> [Instructions to follow]: Starting at the line below holding "Foto 2 - Salesianos" and stopping at the line holding "Downtown Rock Island", print every line exactly, both ends included, and leave the rest out.

> [Given information]:
========================
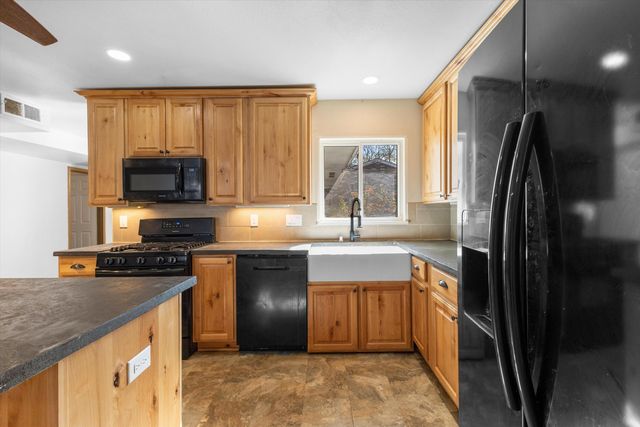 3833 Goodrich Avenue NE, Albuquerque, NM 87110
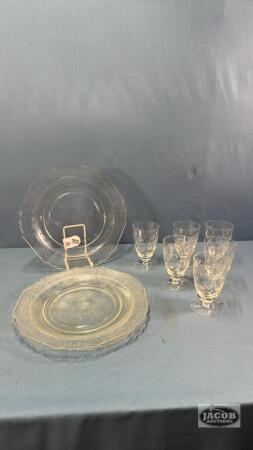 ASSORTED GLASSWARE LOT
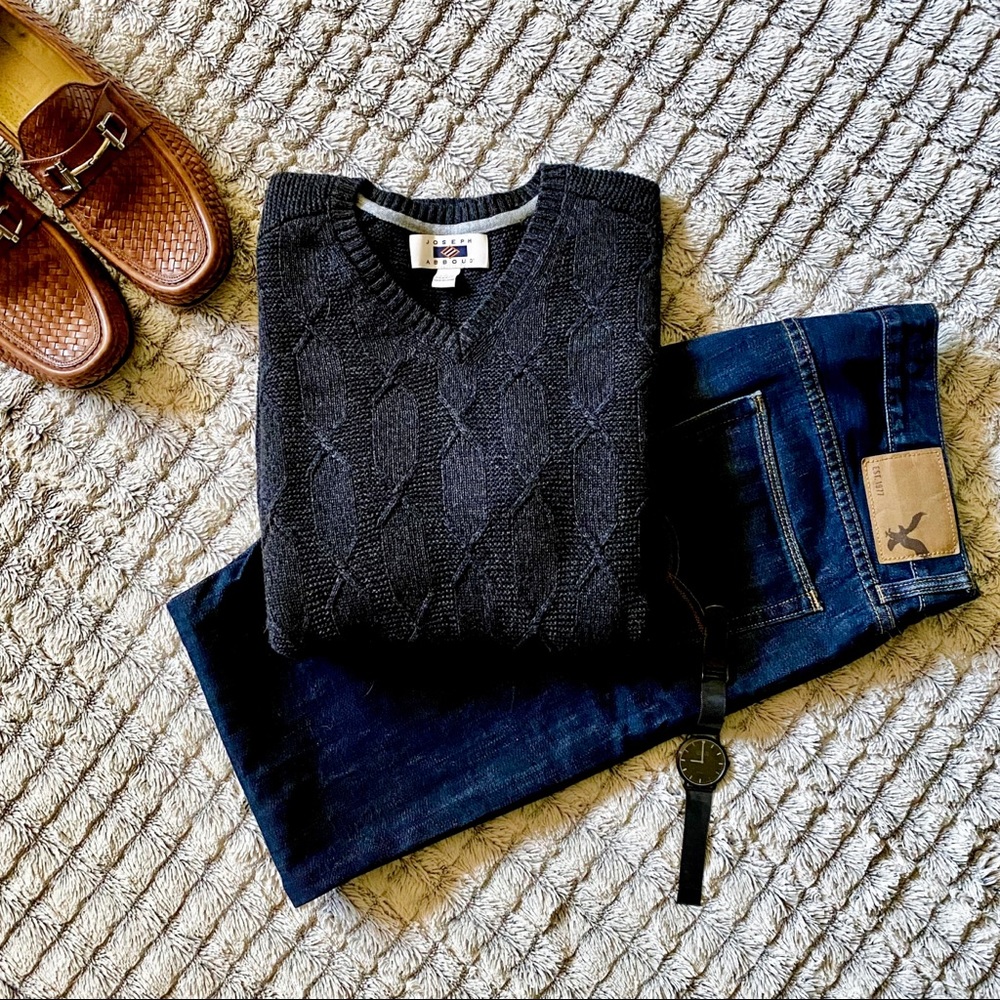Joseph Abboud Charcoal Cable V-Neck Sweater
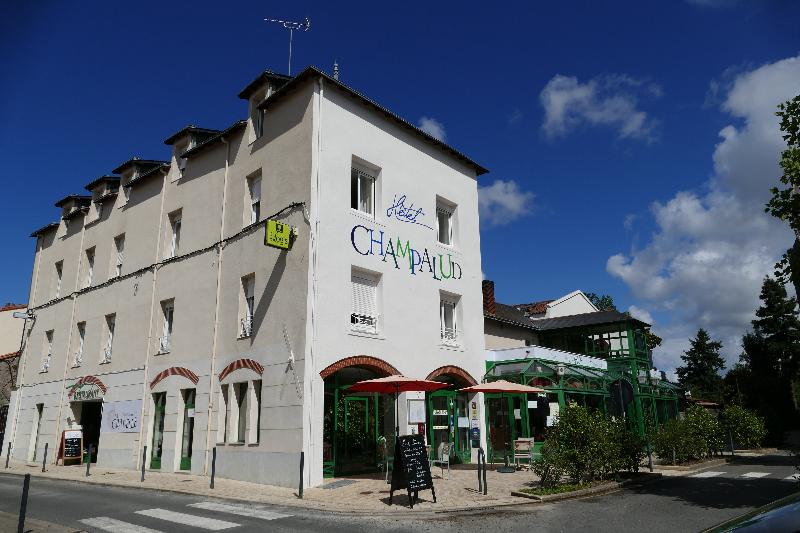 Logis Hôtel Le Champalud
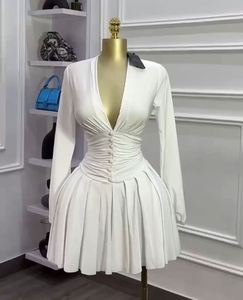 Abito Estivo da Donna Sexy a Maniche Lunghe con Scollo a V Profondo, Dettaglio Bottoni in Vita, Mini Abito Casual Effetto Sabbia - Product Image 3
========================
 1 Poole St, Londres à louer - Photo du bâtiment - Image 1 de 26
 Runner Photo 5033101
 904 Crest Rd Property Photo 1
========================
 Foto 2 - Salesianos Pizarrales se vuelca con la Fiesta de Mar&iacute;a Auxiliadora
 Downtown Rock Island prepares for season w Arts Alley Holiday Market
========================
> [Output below]:
 Foto 2 - Salesianos Pizarrales se vuelca con la Fiesta de Mar&iacute;a Auxiliadora
 Downtown Rock Island prepares for season w Arts Alley Holiday Market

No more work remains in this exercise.